Beyond Diffusion: Inside Apple’s New STARFlow Generative Model

ai Dec 2, 2025

The AI art world just got a curveball from Cupertino. While the rest of the industry is doubling down on Diffusion models (the tech behind Midjourney, Flux, and Stable Diffusion), Apple Research just quietly released STARFlow on Hugging Face—a powerful new generative model that takes a completely different mathematical approach.

Here is everything you need to know about Apple’s latest open-source drop and why it matters for the future of AI generation.

What Just Happened?

Apple has released the code and weights for STARFlow (for images) and STARFlow-V (for video) on Hugging Face and GitHub. This isn't just a small utility model; it’s a high-performance generative engine capable of creating high-resolution images and videos from text prompts.

The Repository: apple/ml-starflow
The Tech: Normalizing Flows (specifically "Transformer Autoregressive Flow")
The Promise: High-quality generation that rivals diffusion models but with potentially faster sampling and better efficiency.

The "Secret Sauce": Flow vs. Diffusion

To understand why STARFlow is exciting, you have to understand the current meta. Almost every top-tier image generator today uses Diffusion. Diffusion models work by adding noise to an image until it’s static, and then learning to reverse that process (denoising) to create an image from scratch.

STARFlow is different. It is based on Normalizing Flows. Instead of iteratively removing noise, Flow-based models learn a direct, invertible mapping between a simple distribution (like random noise) and complex data (like a photo).

Diffusion: "Let me fix this static repeatedly until it looks like a cat." (Iterative, slow)
Flows (STARFlow): "Let me transform this noise directly into a cat using a complex mathematical formula." (Direct, theoretically faster/exact).

Historically, Flow models struggled to match the quality of Diffusion. Apple claims STARFlow bridges that gap, achieving "state-of-the-art" results that compete with the best diffusion models while offering exact likelihood estimation—a fancy way of saying the model has a much more precise mathematical understanding of the data it generates.

Key Specs & Features

Apple didn't just release a paper; they released the goods.

STARFlow (Images): ~3 Billion parameters. Uses a "deep-shallow" architecture to balance power and speed.
STARFlow-V (Video): ~7 Billion parameters. Capable of generating temporal video sequences (up to 480p resolution in initial tests) with causal attention (meaning frame 2 depends on frame 1, ensuring smooth motion).
Training: Trained on massive internal datasets using Apple’s specialized infrastructure.

Why Should You Care

Apple is Open Sourcing: For a company known for its "walled garden," releasing a research model of this caliber on Hugging Face is a significant signal. They are engaging with the open research community.
Alternatives to Diffusion: We are arguably hitting diminishing returns with Diffusion models. STARFlow proves there is another path.
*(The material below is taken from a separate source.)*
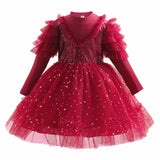 Kid Girl Long Sleeve Princess Star Mesh Dress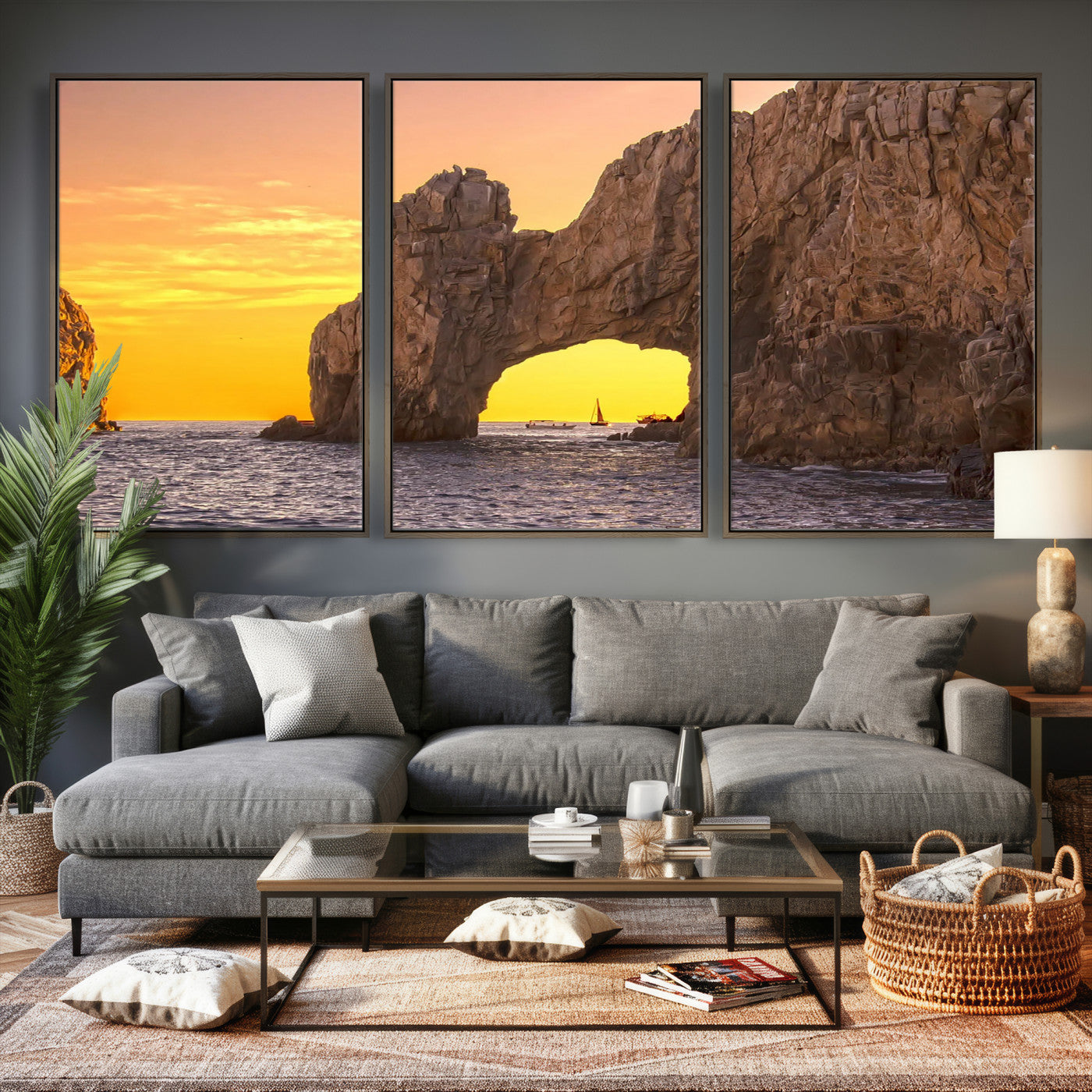 66414515-MGV-CV-36X24 - El Arco Cabo San Lucas Ocean Arch Wall Art Canvas Print, Baja California Rock Arch Seascape Canvas Print, Mexico Coastal Landmark Scenic Art Printing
If Flow models can match Diffusion in quality but beat them in speed (inference latency), the next generation of AI art tools might not be Diffusion-based at all.
On-Device Potential: Normalizing Flows can be incredibly efficient. This aligns perfectly with Apple's goal of running powerful AI locally on your iPhone or Mac, rather than in the cloud.

How to Try It

The model weights and code are live now. If you are a developer or researcher, you can clone the repo and run it (likely requires a beefy GPU or a Mac with Apple Silicon).

Hugging Face: apple/starflow

The Verdict

STARFlow is a "research preview," so don't expect a polished app just yet. But the technology underneath is a glimpse into the future of generative AI. Apple just showed up to the AI art party, and they brought their own physics engine.